Work instruction: Everything in the records below from the line containing "Search for yellow leafs art Landscape" through the line containing "2 Yellow labs" is to be reproduced exactly, those two lines included; no picture is to be copied.
--- Records for processing ---
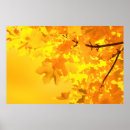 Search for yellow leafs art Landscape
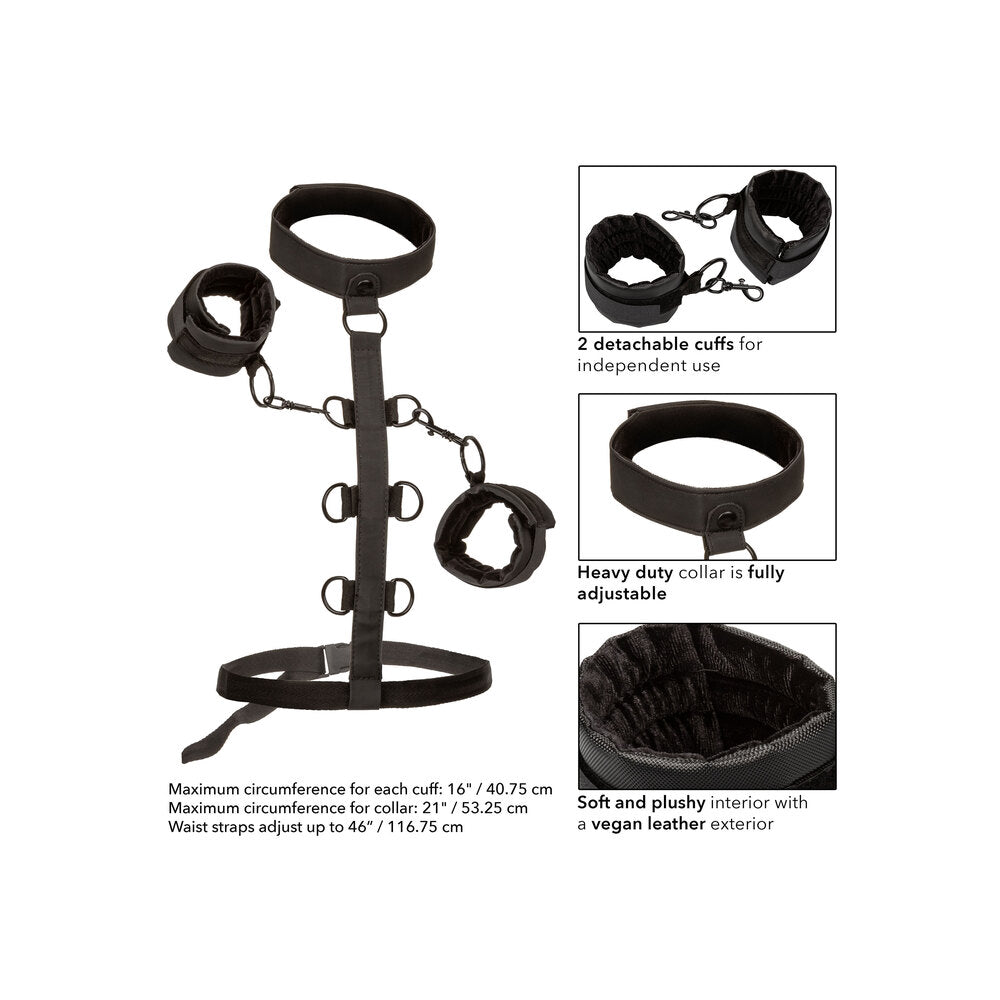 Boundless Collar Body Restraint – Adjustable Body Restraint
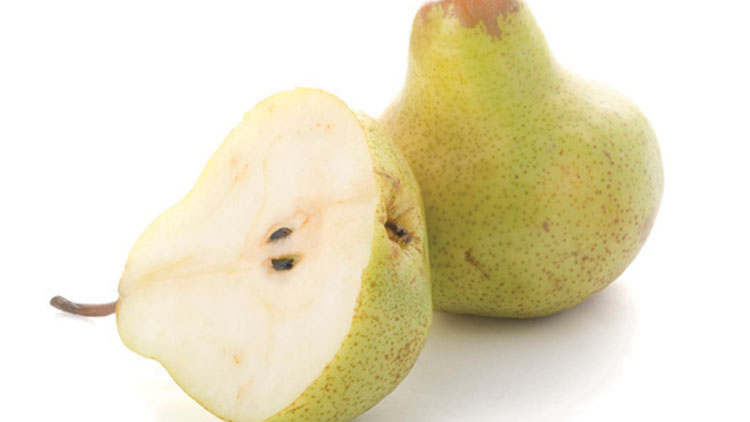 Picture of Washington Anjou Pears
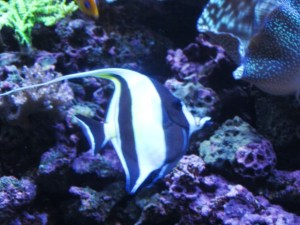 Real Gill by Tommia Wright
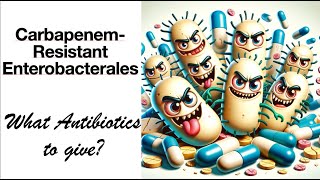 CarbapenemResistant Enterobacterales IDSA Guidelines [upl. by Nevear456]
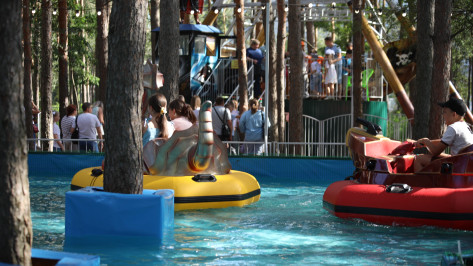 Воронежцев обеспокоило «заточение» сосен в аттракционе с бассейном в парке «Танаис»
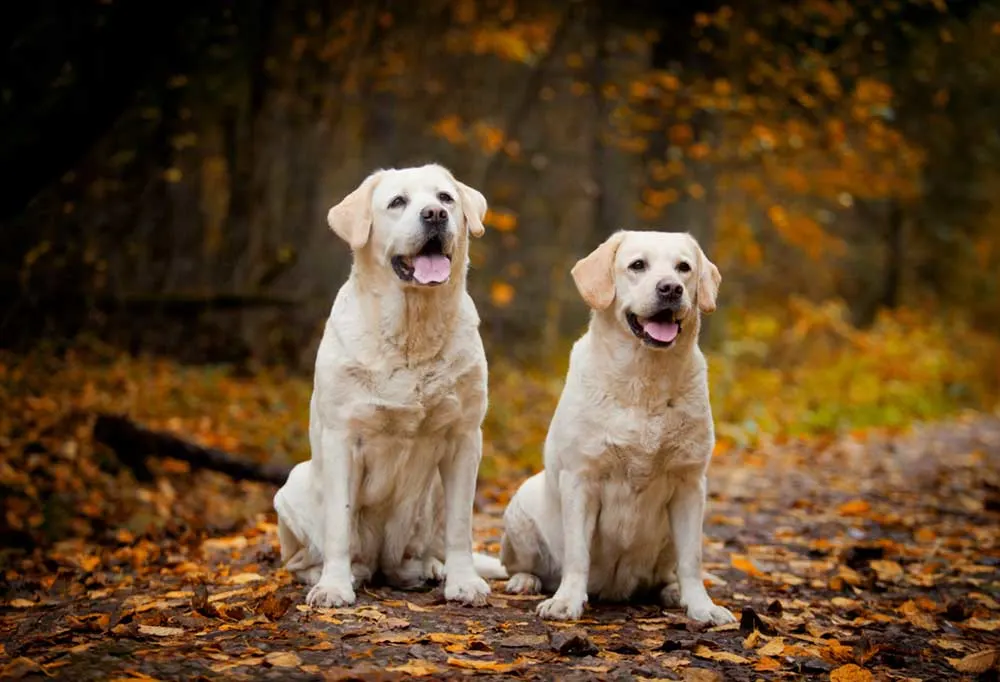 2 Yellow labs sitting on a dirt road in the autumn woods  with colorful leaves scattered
---
--- Records for processing ---
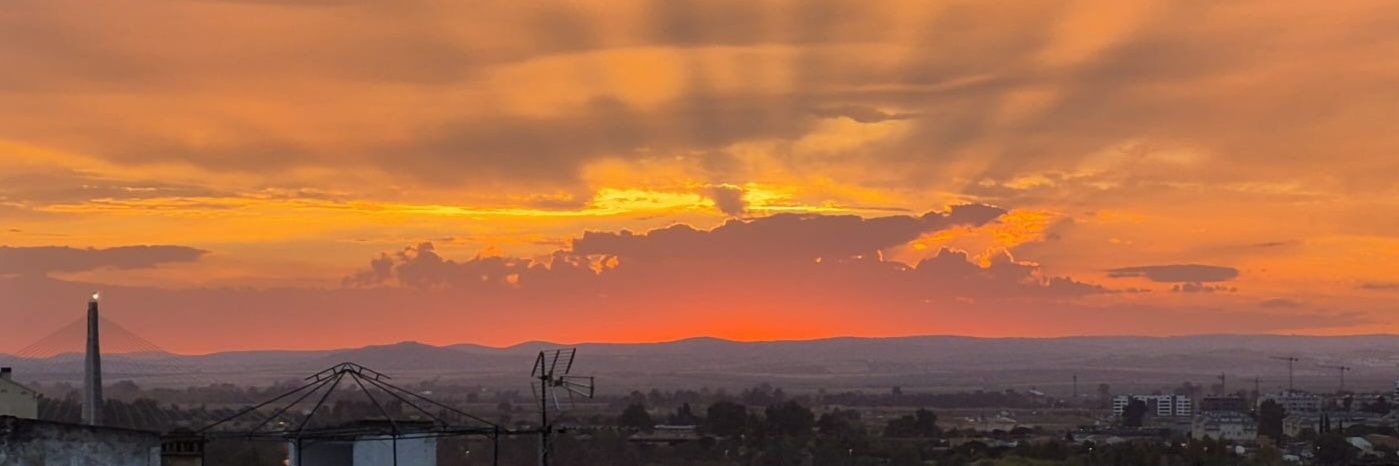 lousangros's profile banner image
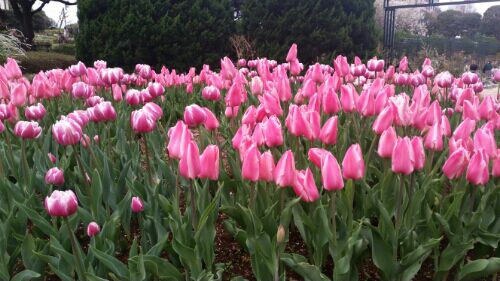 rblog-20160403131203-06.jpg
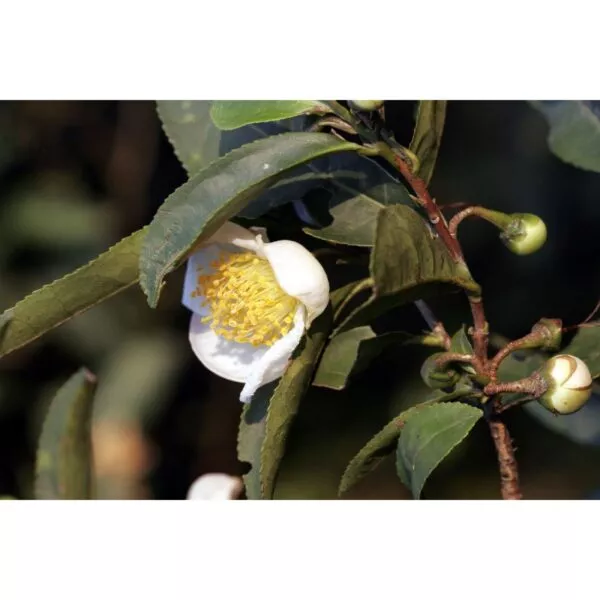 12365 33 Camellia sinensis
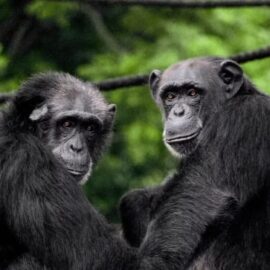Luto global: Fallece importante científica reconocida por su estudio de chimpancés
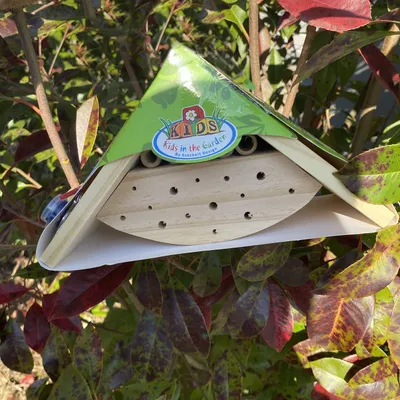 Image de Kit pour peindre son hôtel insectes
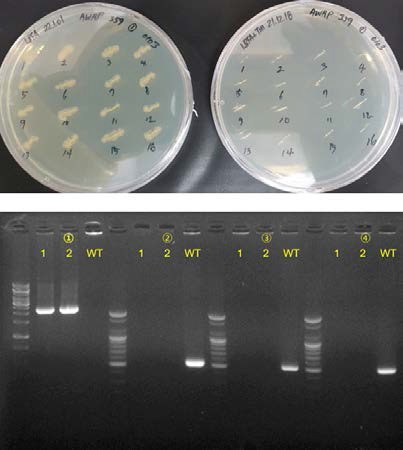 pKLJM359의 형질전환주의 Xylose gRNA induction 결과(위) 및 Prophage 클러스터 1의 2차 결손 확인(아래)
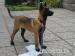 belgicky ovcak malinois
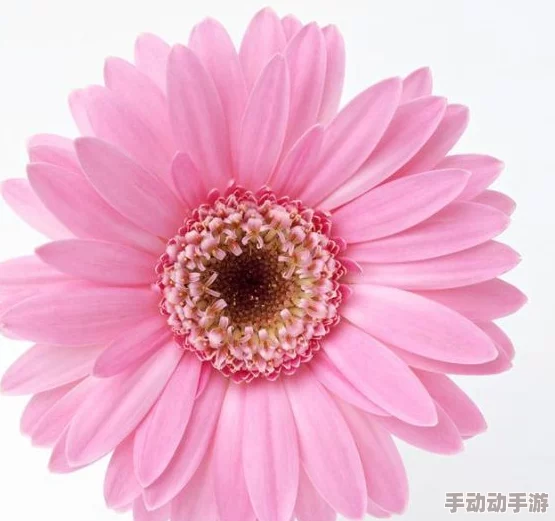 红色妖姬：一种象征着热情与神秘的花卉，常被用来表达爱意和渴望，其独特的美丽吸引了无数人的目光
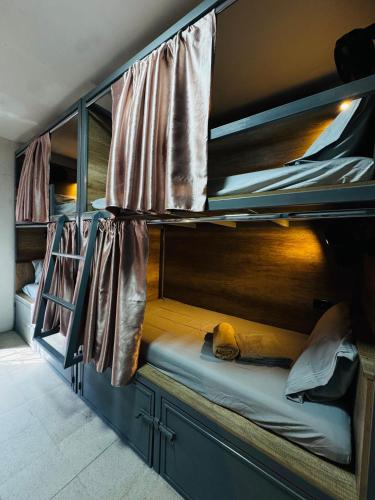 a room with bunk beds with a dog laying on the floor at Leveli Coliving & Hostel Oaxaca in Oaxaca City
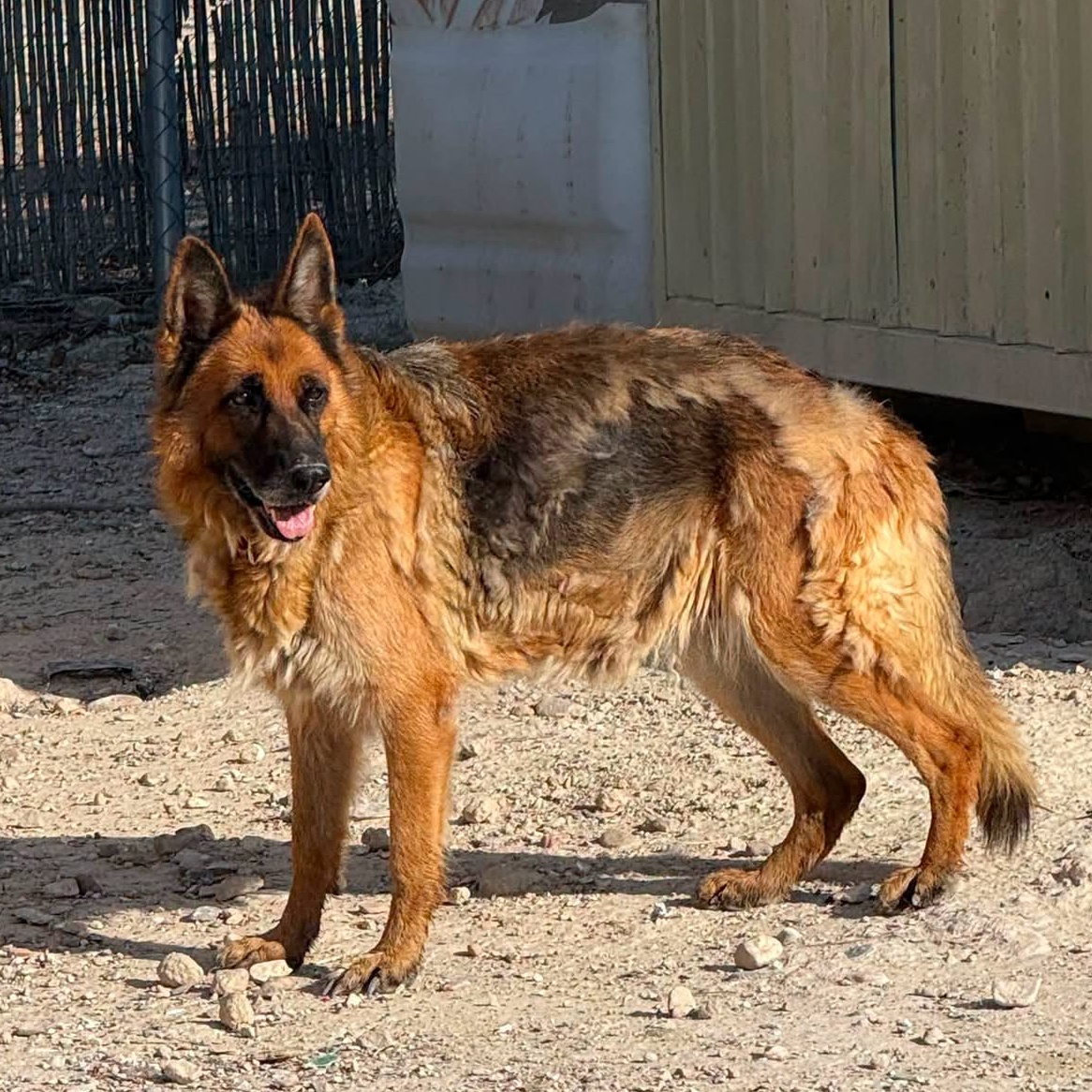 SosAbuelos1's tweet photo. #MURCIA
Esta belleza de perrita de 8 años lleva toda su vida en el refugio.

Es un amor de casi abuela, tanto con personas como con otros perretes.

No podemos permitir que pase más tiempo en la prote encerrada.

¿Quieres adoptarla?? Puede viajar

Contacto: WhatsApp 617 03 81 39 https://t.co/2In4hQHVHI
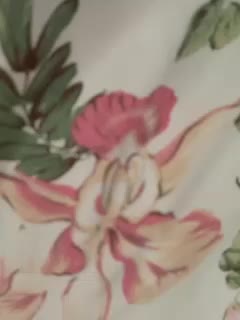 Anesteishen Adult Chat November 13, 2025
---
--- Records for processing ---
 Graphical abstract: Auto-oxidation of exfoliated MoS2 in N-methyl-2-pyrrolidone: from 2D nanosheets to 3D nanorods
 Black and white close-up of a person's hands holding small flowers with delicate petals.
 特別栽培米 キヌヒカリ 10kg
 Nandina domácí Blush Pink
---
Answer area:
 Search for yellow leafs art Landscape
 Boundless Collar Body Restraint – Adjustable Body Restraint
 Picture of Washington Anjou Pears
 Real Gill by Tommia Wright
 CarbapenemResistant Enterobacterales IDSA Guidelines [upl. by Nevear456]
 Воронежцев обеспокоило «заточение» сосен в аттракционе с бассейном в парке «Танаис»
 2 Yellow labs sitting on a dirt road in the autumn woods  with colorful leaves scattered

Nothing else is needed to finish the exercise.